Over seven years later, their new three-part version of Dracula hits our screens on New Year’s Day, showing on consecutive nights. Its cast features Danish actor Claes Bang in the title role, acclaimed stage actor John Heffernan as Jonathan Harker, the English solicitor who has the misfortune of visiting Dracula’s castle, and Dolly Wells as a wise-cracking nun (Gatiss himself has a minor role).
Dracula, of course, has been a stock horror figure since the Hungarian actor Bela Lugosi portrayed him in 1931, the vampire’s most famous iteration since Lugosi being Christopher Lee’s portrayal in the Hammer horror films of the late 1950s onwards. The 1970s saw both Andy Warhol and Werner Herzog have a bite at the myth, while Francis Ford Coppola’s operatic and misleadingly titled Bram Stoker’s Dracula (it is not actually all that faithful to the book) had Gary Oldman as the blood-sucking aristocrat. Since then, he’s been tamed enough to become a children’s cartoon character, Count Duckula, as well as an antagonist for Buffy the Vampire Slayer, while Robert Pattinson’s non-threatening blood-sucker was the teen heartthrob of the Twilight series. And those are just the tip of the iceberg, let alone the Halloween costume industry.
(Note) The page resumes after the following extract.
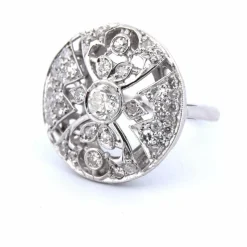 Bague en or blanc 18 carats avec ajourage spécial et diamants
Unsurprisingly, then, Gatiss and Moffat couldn’t quite take seriously the idea of resuscitating such a hackneyed icon of horror fiction. “But then we started thinking we could actually do something with Dracula,” says Moffat, when we meet in the bowels of the British Film Institute in London ahead of a premiere screening. “And we started liking it so much that we went and pitched it to Sue. And she liked it and so here we are…”
“Sue” is Moffat’s wife, Sue Vertue, but, more to the point, she is also the producer who runs Hartswood Films, which made Sherlock. So why have Moffat and Gatiss, who became close while writing for Doctor Who and sharing train journeys to and from London and Cardiff, finally decided to engage seriously with their Dracula?
“These things go in cycles,” says Gatiss. “And because we’ve been through so many iterations of Twilight sorts of vampires, somehow it just felt right to be able to do castles and moonlight and capes. Horror should be transgressive. Horror over time becomes cosy. Dracula and Frankenstein, within 10 years [of their first screen portrayals] they were meeting up with Abbott and Costello…”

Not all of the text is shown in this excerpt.